**Required action:**
Output the line containing "Used Buick Encore" and each line after it through the end of the data, exactly as written, with pictures left out.

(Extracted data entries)

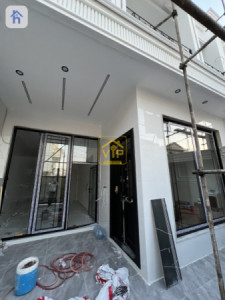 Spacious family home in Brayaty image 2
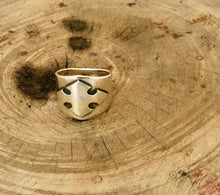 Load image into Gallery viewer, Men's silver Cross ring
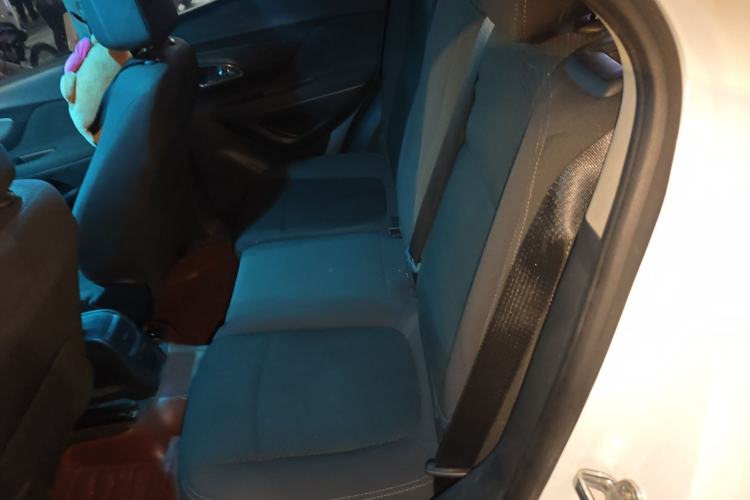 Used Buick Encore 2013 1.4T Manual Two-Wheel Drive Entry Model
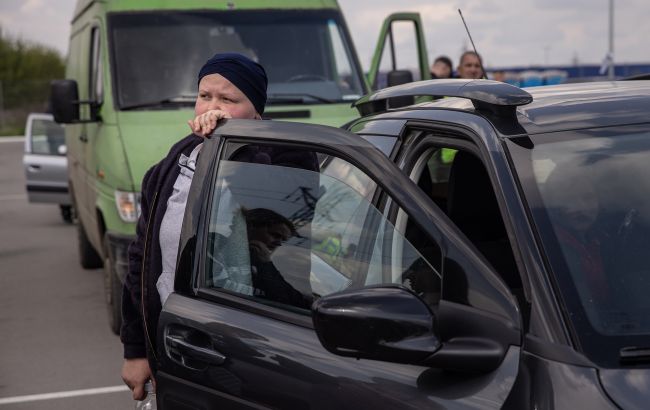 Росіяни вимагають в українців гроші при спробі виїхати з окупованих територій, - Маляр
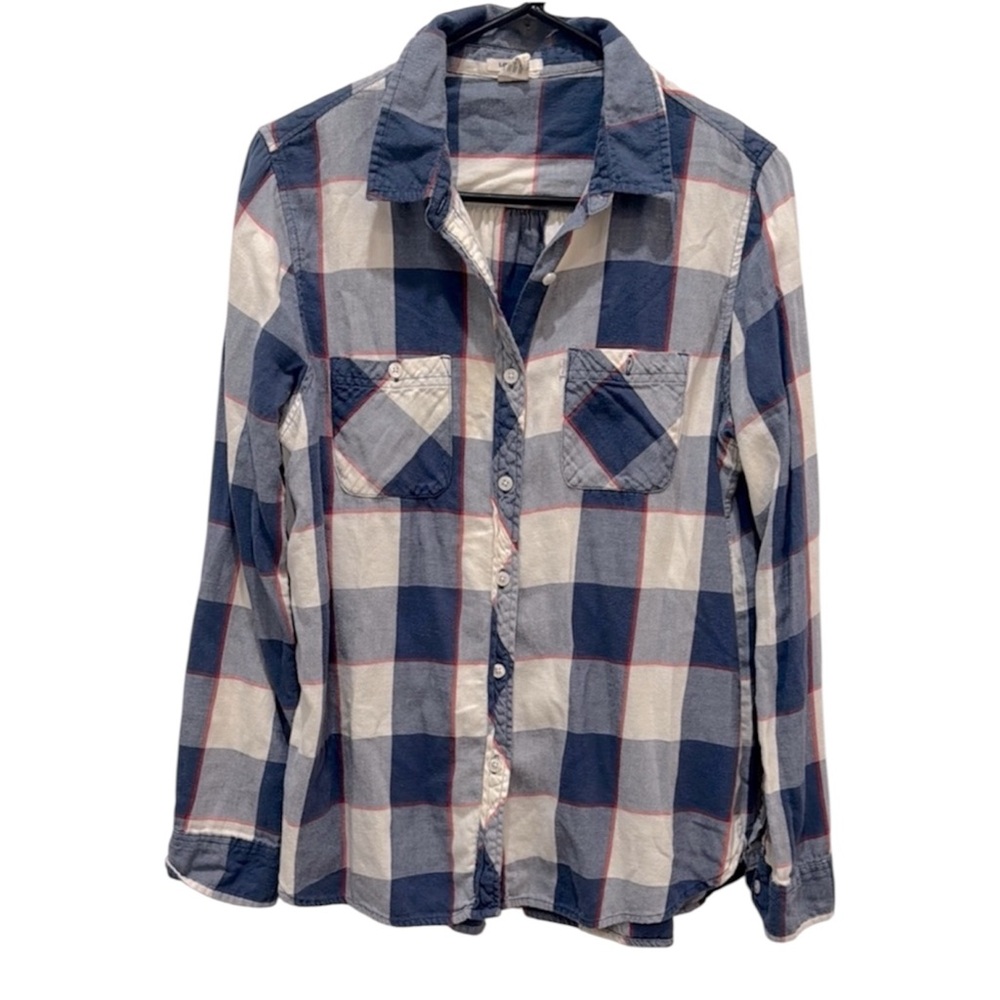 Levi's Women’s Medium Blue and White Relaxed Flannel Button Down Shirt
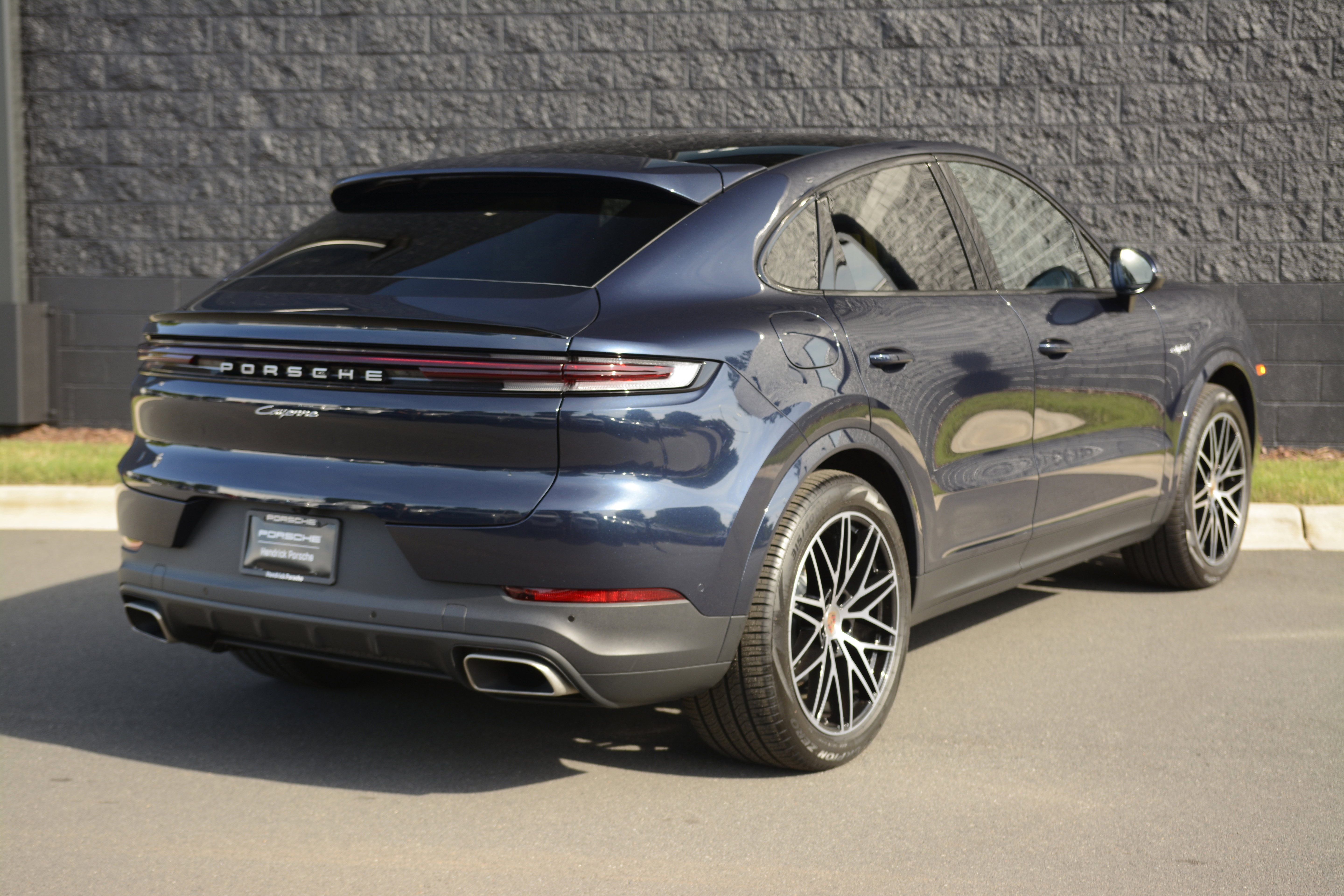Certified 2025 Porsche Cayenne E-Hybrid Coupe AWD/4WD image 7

**Result for this task:**
 Used Buick Encore 2013 1.4T Manual Two-Wheel Drive Entry Model
 Росіяни вимагають в українців гроші при спробі виїхати з окупованих територій, - Маляр
 Levi's Women’s Medium Blue and White Relaxed Flannel Button Down Shirt
Certified 2025 Porsche Cayenne E-Hybrid Coupe AWD/4WD image 7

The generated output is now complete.